«Una cosa mai vista: tamil e singalesi che protestano insieme contro il governo», mi dice l’amico Navarajah, tamil fuggito dallo Sri Lanka quasi quarant’anni fa allo scoppio della guerra etnico-civile, alla vigilia della sua partenza per l’isola natia. Per un paese che non ha mai superato la divisione e la discriminazione etnica, è davvero un fatto eccezionale. Significa che il governo retto dalla famiglia Rajahpaksa è talmente inviso da riuscire ad unire (contro di sé) un paese ancora ferito da un lungo conflitto, risoltosi con massacri della popolazione civile, l’uccisione del leader delle Tigri tamil per la liberazione dell’Eelam, Velupillai Prabhakaran, nel maggio del 2009 e la sconfitta del suo esercito.
Ovvio: quando mancano pane, frutta, verdura, benzina, gas, elettricità, medicinali e tutto il resto costa più di quanto la popolazione riesce a permettersi, la rivolta diventa generale. E allora i casi sono due: o il governo cade, oppure – se è di natura autoritaria come nel caso dello Sri Lanka – tenta di mantenere il potere anche con la forza, impiegando polizia e esercito. Inizialmente, il primo aprile, il governo dei Rajahpaksa (oltre a quattro fratelli che occupavano presidenza dello Stato, presidenza del governo, due ministeri, c’era un nipote pure lui ministro) aveva scelto la linea dura. Ma di fronte ad una popolazione che non si è lasciata intimorire e ha continuato a protestare, ha mostrato un volto all’apparenza più conciliante. Il governo si è sfilacciato, molti ministri si sono dimessi, la maggioranza filo-governativa in parlamento si è dissolta, ma il presidente Gotabaya ha comunque formato un nuovo governo di minoranza, con suo fratello Mahinda ancora come capo (ma ormai in rotta di collisione con Gotabaya, tanto da appoggiare una riforma che restituisca al parlamento i poteri del presidente), nel disperato tentativo di mantenere il potere. Si rischia dunque una nuova guerra civile? La storia del paese, con il sanguinoso conflitto decennale fra tamil e singalesi, ma anche con due sollevazioni popolari ad opera dei nazionalisti singalesi di sinistra dello JVP nel 1971 e nel 1988 (con decine di migliaia di morti) lo faceva temere. Soprattutto dopo che la settimana scorsa la polizia ha aperto il fuoco sui manifestanti a Rambukkana facendo la prima vittima delle proteste. Ma il fatto che i responsabili locali della polizia siano stati trasferiti e indagati, ha fatto capire che il presidente non vuole rischiare una nuova sollevazione popolare. Anche perché persino il potente clero buddista si è schierato dalla parte dei manifestanti. Lo Sri Lanka non sarà un nuovo Myanmar. E questa è una buona notizia.
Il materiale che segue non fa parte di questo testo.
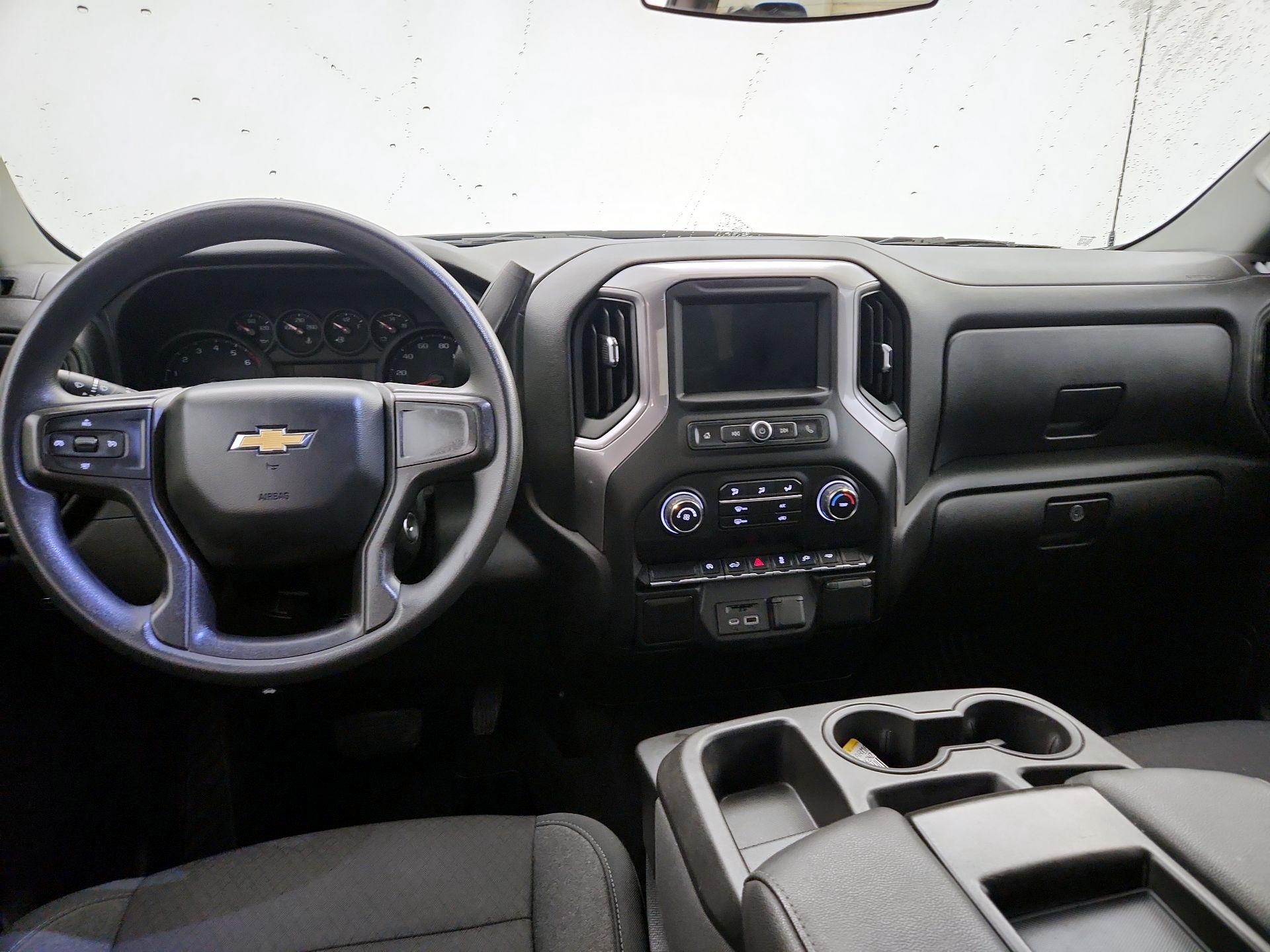 Thumbnail: 2022 Chevrolet Silverado 1500 - 9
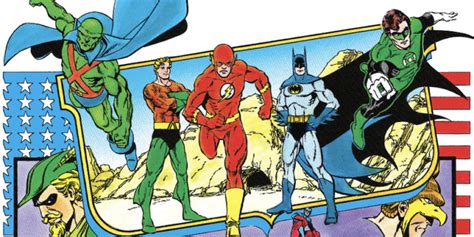 History Of The Dc Universe To Get New Hardcover Collection In 2023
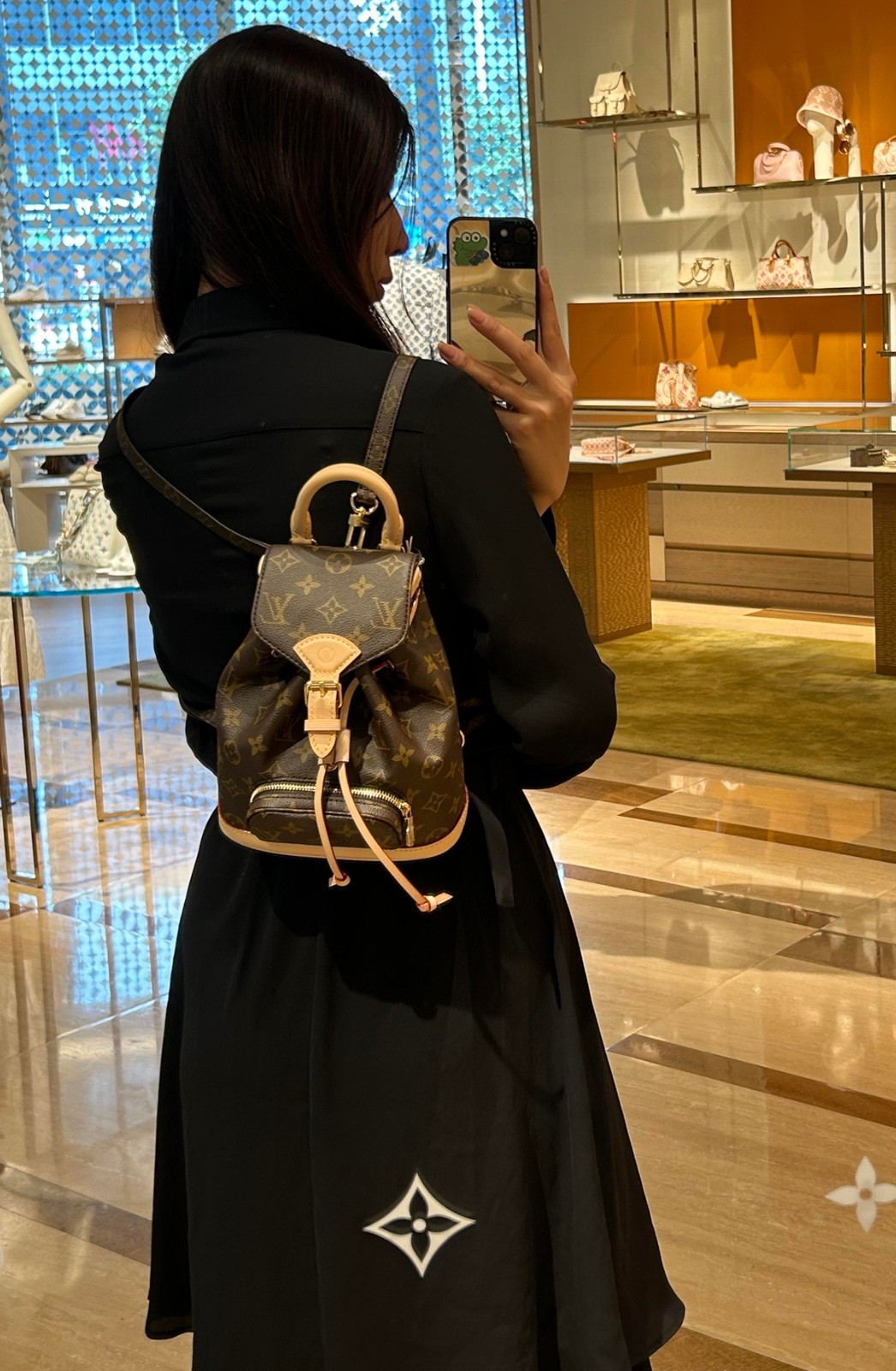 M11199 Montsouris Mini雙肩包_18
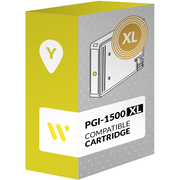 Kompatible Canon PGI-1500XL Gelb Patrone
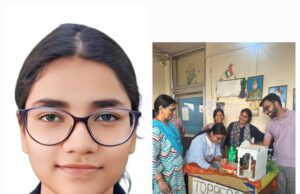 कुशीनगर की बेटी तन्नू गुप्ता ने नीट 2025 में हासिल की बड़ी सफलता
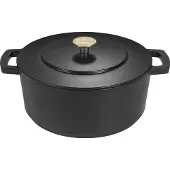 ComBekk Original Dutch Oven 103228BL gerecycled gietijzer, braadpan, 28 cm, 6L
La cattiva notizia è che, comunque vadano le vicende politiche, la crisi economica attuale, la peggiore dall’indipendenza nel 1948, non può essere risolta in modo indolore, né rapido. Perché se il governo Rajahpaksa l’ha peggiorata, dopo che la pandemia e ora la guerra in Ucraina l’hanno aggravata, le cause della crisi risalgono a decenni fa. Lo Sri Lanka si era aperto al sistema capitalistico nel 1977, con l’intenzione di riformare un’economia che non teneva più il passo coi tempi (da paese più prospero dei vicini fino agli anni Settanta, si stava impoverendo). Vennero istituite delle zone industriali esentasse per creare un nuovo sistema produttivo che liberasse il paese dalla dipendenza dalla produzione agricola (il tè in testa). Complici corruzione, inettitudine, clientelismo, il paese fallì nell’intento, e sempre più le importazioni superarono le esportazioni. Durante il primo periodo al potere dei Rajahpaksa (2005-2015) il paese si avvicinò alla Cina, che offrì crediti per opere infrastrutturali miliardarie, poco utili al paese ma molto ai cinesi, ciò che peggiorò le finanze dello Stato. Tornati al potere nel 2019-2020, i Rajahpaksa hanno come prima cosa ridotto le tasse, rendendo ancora più difficile la situazione finanziaria. Nel mentre, tre anni fa c’erano stati gli attentati di Pasqua e il turismo era crollato (terza sorgente di valuta estera), quindi è arrivata la pandemia che oltre a bloccare le attività produttive del paese ha provocato un crollo delle rimesse dei lavoratori espatriati (due milioni di persone, negli ultimi 20 anni, la seconda fonte di valuta estera). Ora il paese è in default. E se anche i Rajahpaksa cedessero il potere, nessuno sa come uscire dalla crisi. Ma se non lo cedono presto, la possono ancora aggravare.